Data shown
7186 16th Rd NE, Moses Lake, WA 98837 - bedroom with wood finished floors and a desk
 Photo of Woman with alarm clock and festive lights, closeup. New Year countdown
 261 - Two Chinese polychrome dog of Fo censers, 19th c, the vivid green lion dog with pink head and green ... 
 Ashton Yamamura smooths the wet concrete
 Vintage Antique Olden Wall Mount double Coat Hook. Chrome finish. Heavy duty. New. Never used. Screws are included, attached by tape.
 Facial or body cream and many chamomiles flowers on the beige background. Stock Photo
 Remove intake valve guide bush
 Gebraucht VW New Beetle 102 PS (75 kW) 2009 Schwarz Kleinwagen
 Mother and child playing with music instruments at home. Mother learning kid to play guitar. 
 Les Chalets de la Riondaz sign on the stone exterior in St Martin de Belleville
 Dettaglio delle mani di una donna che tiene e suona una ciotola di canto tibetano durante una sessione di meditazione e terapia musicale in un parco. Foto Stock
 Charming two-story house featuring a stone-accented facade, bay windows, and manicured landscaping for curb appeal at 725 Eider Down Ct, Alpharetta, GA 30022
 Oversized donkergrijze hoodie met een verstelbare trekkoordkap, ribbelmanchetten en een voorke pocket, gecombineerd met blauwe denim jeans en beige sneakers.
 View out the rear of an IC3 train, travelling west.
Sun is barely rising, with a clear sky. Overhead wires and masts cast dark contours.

Task description
The complete material should be output once more, word for word.

Exercise solution
7186 16th Rd NE, Moses Lake, WA 98837 - bedroom with wood finished floors and a desk
 Photo of Woman with alarm clock and festive lights, closeup. New Year countdown
 261 - Two Chinese polychrome dog of Fo censers, 19th c, the vivid green lion dog with pink head and green ... 
 Ashton Yamamura smooths the wet concrete
 Vintage Antique Olden Wall Mount double Coat Hook. Chrome finish. Heavy duty. New. Never used. Screws are included, attached by tape.
 Facial or body cream and many chamomiles flowers on the beige background. Stock Photo
 Remove intake valve guide bush
 Gebraucht VW New Beetle 102 PS (75 kW) 2009 Schwarz Kleinwagen
 Mother and child playing with music instruments at home. Mother learning kid to play guitar. 
 Les Chalets de la Riondaz sign on the stone exterior in St Martin de Belleville
 Dettaglio delle mani di una donna che tiene e suona una ciotola di canto tibetano durante una sessione di meditazione e terapia musicale in un parco. Foto Stock
 Charming two-story house featuring a stone-accented facade, bay windows, and manicured landscaping for curb appeal at 725 Eider Down Ct, Alpharetta, GA 30022
 Oversized donkergrijze hoodie met een verstelbare trekkoordkap, ribbelmanchetten en een voorke pocket, gecombineerd met blauwe denim jeans en beige sneakers.
 View out the rear of an IC3 train, travelling west.
Sun is barely rising, with a clear sky. Overhead wires and masts cast dark contours.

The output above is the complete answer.